**WHAT YOU ARE ASKED TO DO**. Output exactly, and only, the lines below from the one with "Athleta Momentum Seamless" down to the one with "Bathroom in North Beach Resort & Villas". Include both end lines and no pictures.

**RAW DATA**.
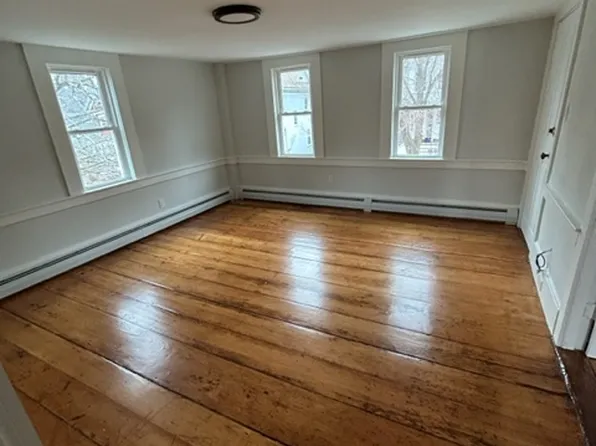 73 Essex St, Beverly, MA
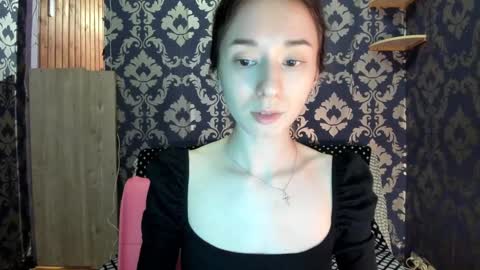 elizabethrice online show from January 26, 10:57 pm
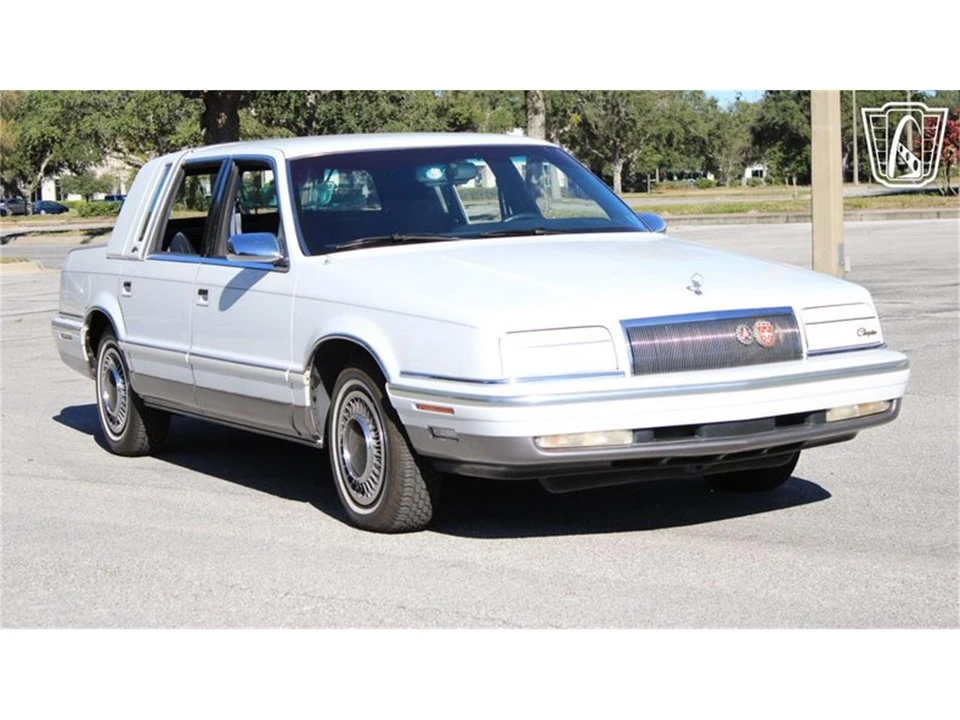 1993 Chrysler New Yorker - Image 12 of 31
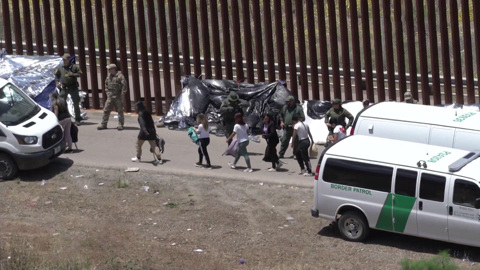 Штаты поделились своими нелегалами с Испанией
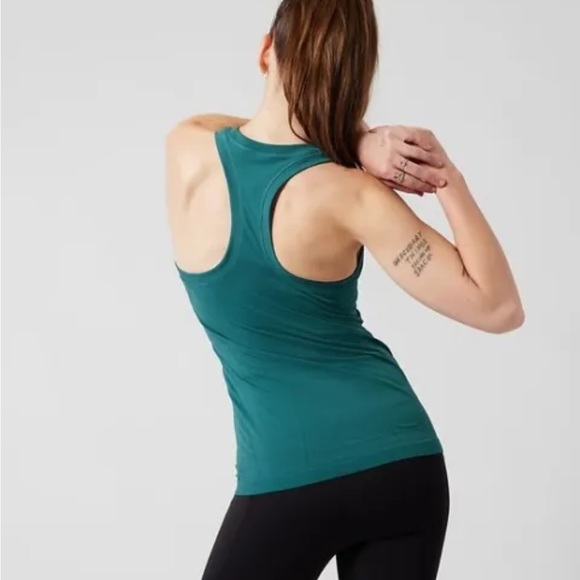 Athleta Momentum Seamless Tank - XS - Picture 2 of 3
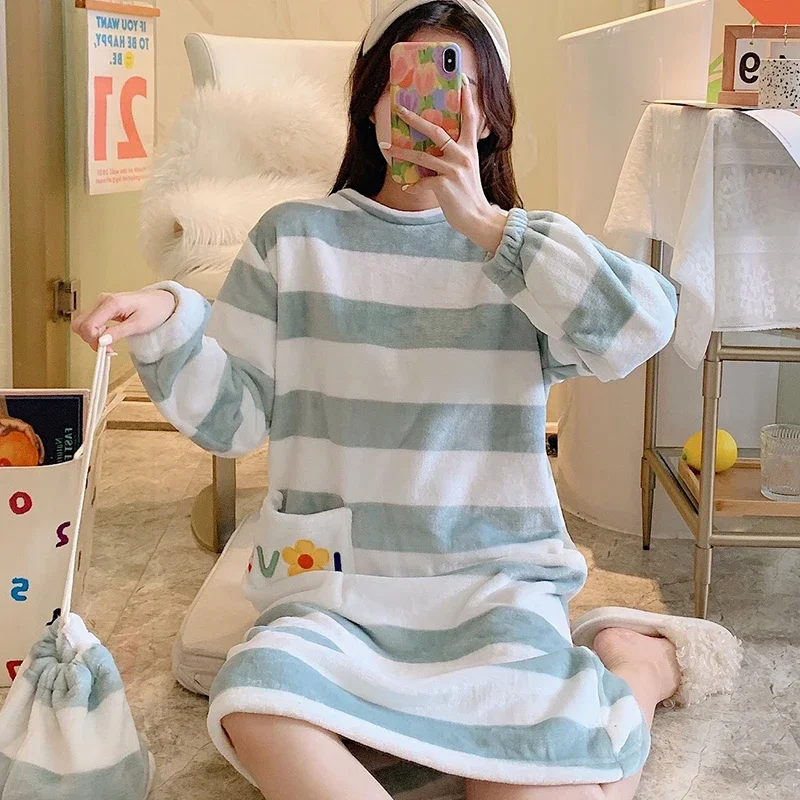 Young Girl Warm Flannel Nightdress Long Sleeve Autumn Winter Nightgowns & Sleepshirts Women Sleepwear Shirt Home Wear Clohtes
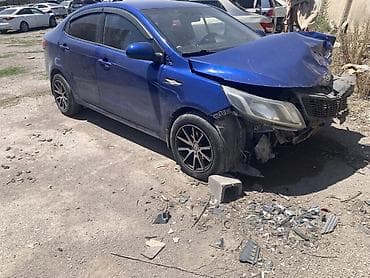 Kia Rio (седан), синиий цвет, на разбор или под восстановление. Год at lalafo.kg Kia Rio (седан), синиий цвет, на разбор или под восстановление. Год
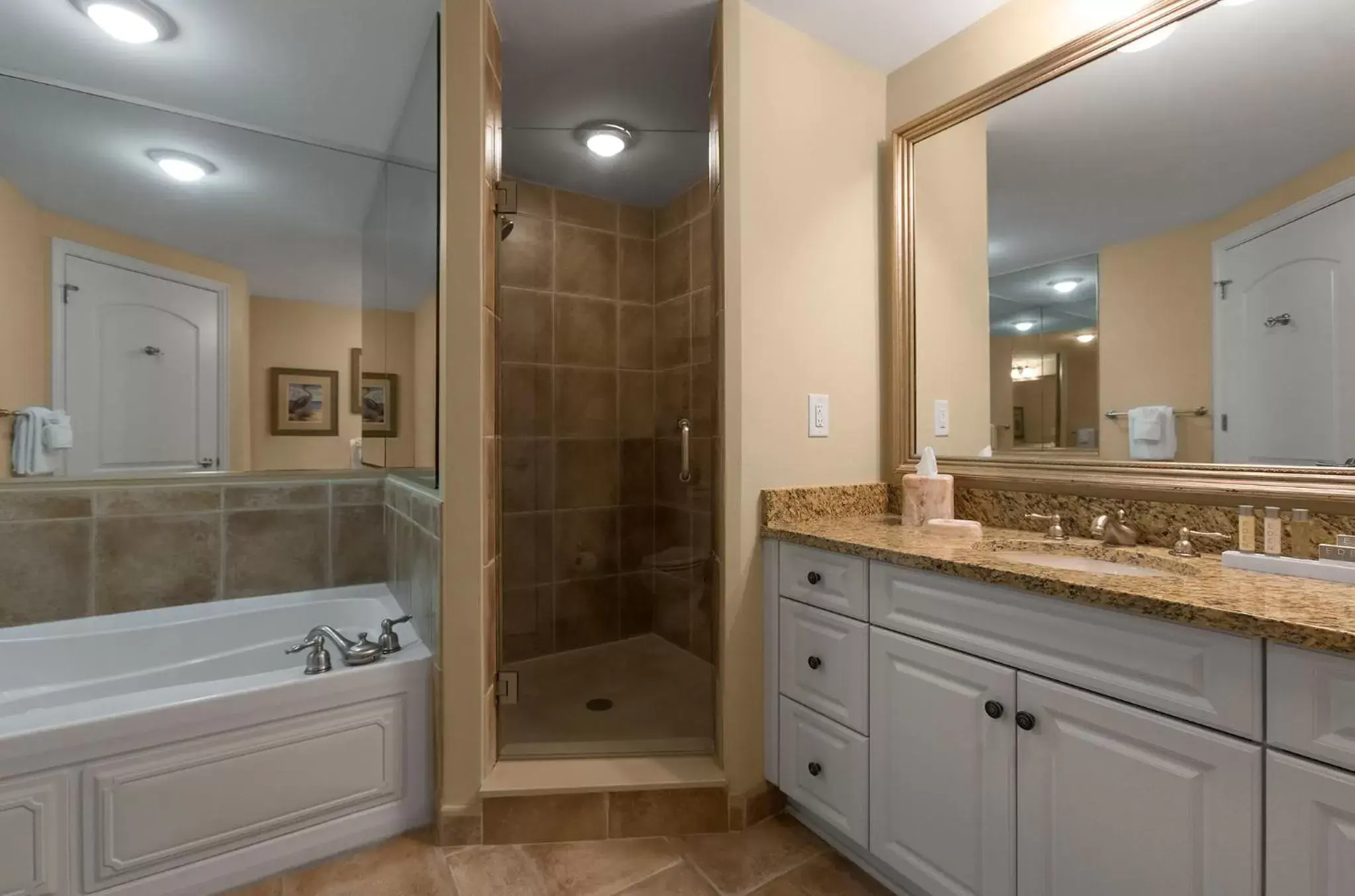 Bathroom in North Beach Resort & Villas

...

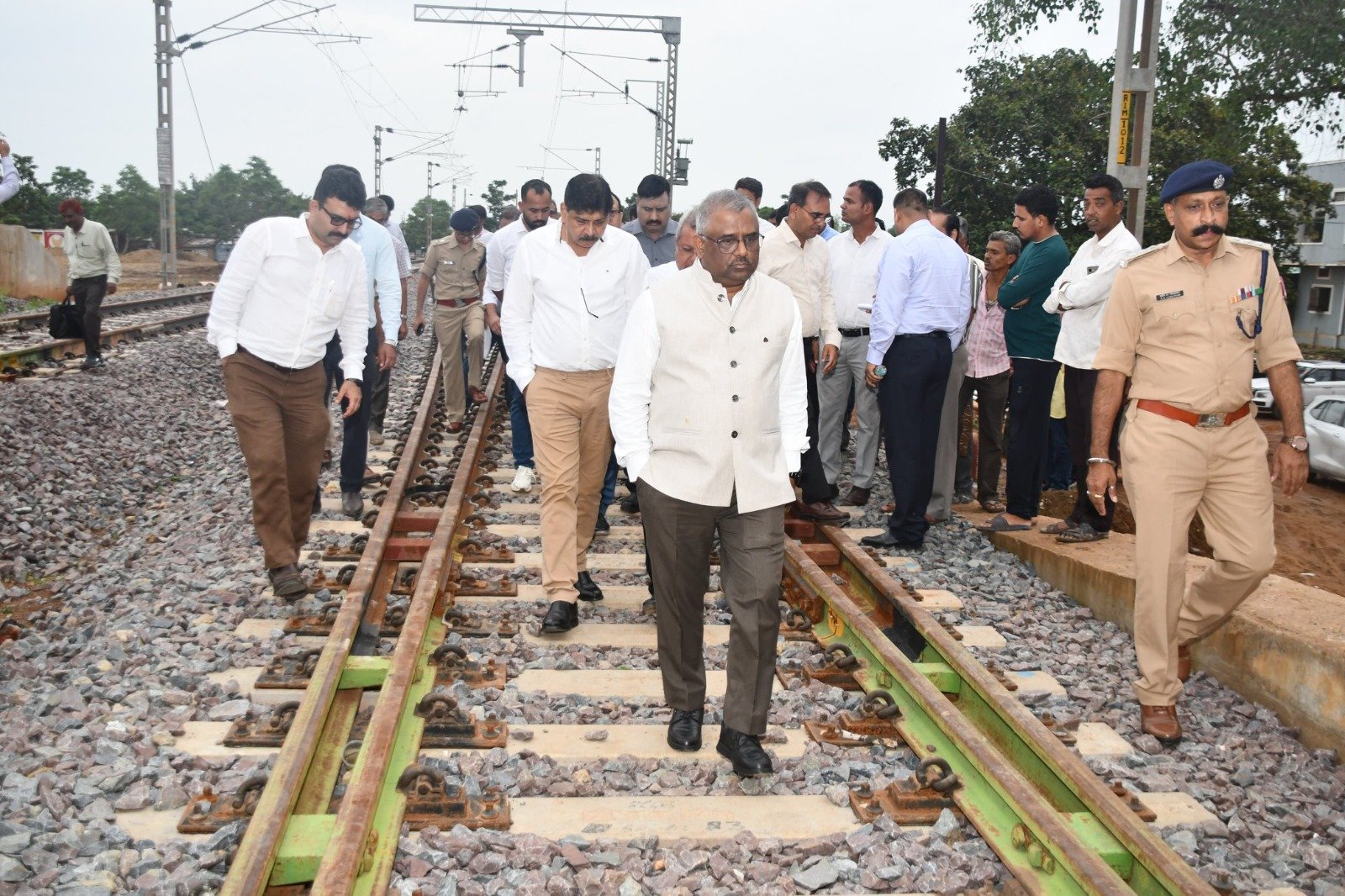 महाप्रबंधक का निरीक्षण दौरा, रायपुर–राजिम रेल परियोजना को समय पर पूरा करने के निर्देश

**COMPLETED EXERCISE**.
 Athleta Momentum Seamless Tank - XS - Picture 2 of 3
 Young Girl Warm Flannel Nightdress Long Sleeve Autumn Winter Nightgowns & Sleepshirts Women Sleepwear Shirt Home Wear Clohtes
 Kia Rio (седан), синиий цвет, на разбор или под восстановление. Год at lalafo.kg Kia Rio (седан), синиий цвет, на разбор или под восстановление. Год
 Bathroom in North Beach Resort & Villas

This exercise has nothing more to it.